Welcome to Lens!

Lens provides an Unified Analytics interface. Lens aims to cut the Data Analytics silos by providing a single view of data across multiple tiered data stores and optimal execution environment for the analytical query. It seamlessly integrates Hadoop with traditional data warehouses to appear like one.

At a high level the project provides these features -

  • Simple metadata layer which provides an abstract view over tiered data stores
  • Single shared schema server based on the Hive Metastore - This schema is shared by data pipelines (HCatalog) and analytics applications.
    • OLAP Cube QL which is a high level SQL like language to query and describe data sets organized in data cubes.
    • A JDBC driver and Java client libraries to issue queries, and a CLI for ad hoc queries.
    • Lens application server - a REST server which allows users to query data, make schema changes, scheduling queries and enforcing quota limits on queries.
    • Driver based architecture allows plugging in reporting systems like Hive, Columnar data warehouses, Redshift etc.
    • Cost based engine selection - allows optimal use of resources by selecting the best execution engine for a given query based on the query cost.
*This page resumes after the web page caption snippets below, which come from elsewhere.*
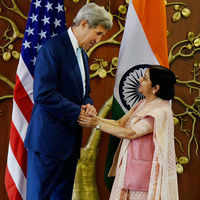 John Kerry's <i class="tbold">india visit</i>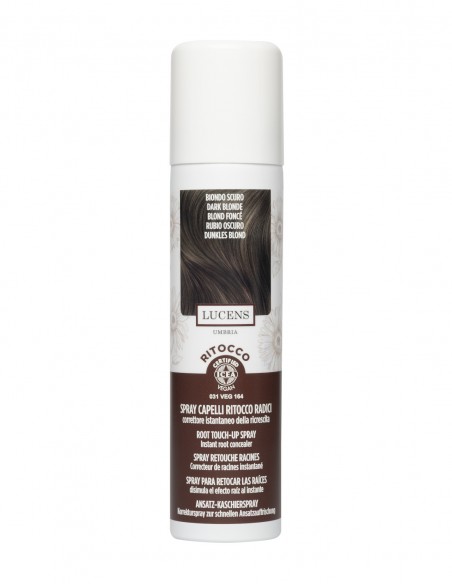 Spray pentru radacini albe si crescute Blond Inchis Lucens Umbria, 100ml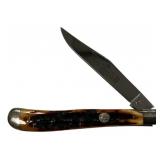 Queen Cutlery Amber Stag Q2004 Folding Knife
      The following diagram shows Lens architecture.

      Lens Architecture

Disclaimer

Apache Lens is an effort undergoing incubation at The Apache Software Foundation (ASF), sponsored by Apache Incubator.Incubation is required of all newly accepted projects until a further review indicates that the infrastructure, communications, and decision making process have stabilized in a manner consistent with other successful ASF projects. While incubation status is not necessarily a reflection of the completeness or stability of the code, it does indicate that the project has yet to be fully endorsed by the ASF.